La tachicardia sinusale è un aumento del battito cardiaco che parte dal nodo senoatriale, la parte del cuore che regola il ritmo normale. In pratica, il cuore batte più velocemente del solito, ma con un ritmo regolare e normale.

Che cos'è il flutter atriale?

Il flutter atriale è un tipo di aritmia, cioè un battito irregolare del cuore, che si verifica negli atri (le camere superiori del cuore). Questo ritmo ha un aspetto particolare sull'ECG, chiamato "a denti di sega", dovuto a onde molto rapide e regolari.

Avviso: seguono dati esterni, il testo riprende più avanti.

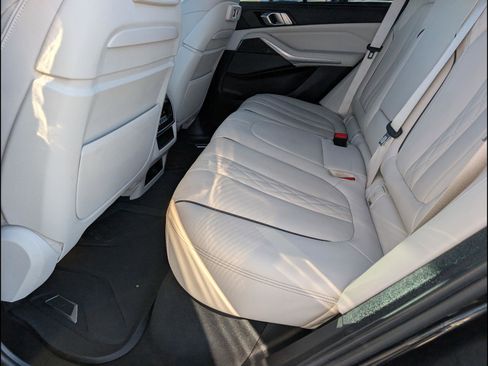 Used 2023 BMW X5 M50i w/ Executive Package image 12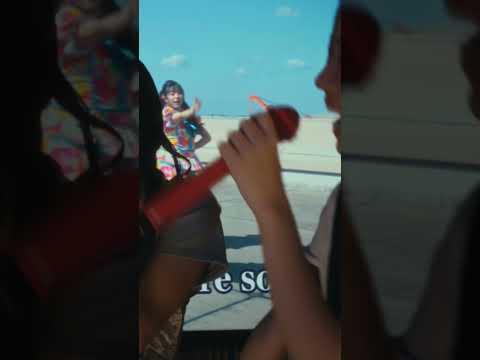 映画『恋愛裁判』【1月23日(金)公開】｜プライベートでカラオケを楽しむメンバーたち🎤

Come distinguere tachicardia sinusale da flutter atriale sull'ECG

  • La frequenza del battito: nella tachicardia sinusale è moderatamente aumentata (circa 105 battiti al minuto nel caso descritto), mentre nel flutter atriale è molto più alta.
  • La forma delle onde P (che rappresentano l'attività degli atri): nella tachicardia sinusale le onde P sono normali, ben riconoscibili e separate dalla linea di base (linea isoelettrica). Nel flutter atriale, invece, le onde hanno una forma a "denti di sega" e non si vede la linea isoelettrica tra di esse.
  • Segni di ingrandimento degli atri: nel caso analizzato, l'ECG mostra un ingrandimento sia dell'atrio destro che sinistro, che si riconosce da specifiche caratteristiche delle onde P.

Cosa significa per il paziente?

Nel caso descritto, il paziente di circa 55 anni, senza altre malattie importanti, presenta una tachicardia sinusale associata a ingrandimento degli atri. Questo spiega il suo sintomo di cardiopalmo (sensazione di battito cardiaco accelerato o irregolare).

In conclusione

Questo esempio mostra come, analizzando l'ECG, si può distinguere una tachicardia sinusale da un flutter atriale. La tachicardia sinusale ha un ritmo accelerato ma regolare, con onde P normali, mentre il flutter atriale presenta onde a "denti di sega" e frequenze più elevate. Riconoscere queste differenze aiuta i medici a capire meglio la situazione del cuore e a decidere il percorso più adeguato per il paziente.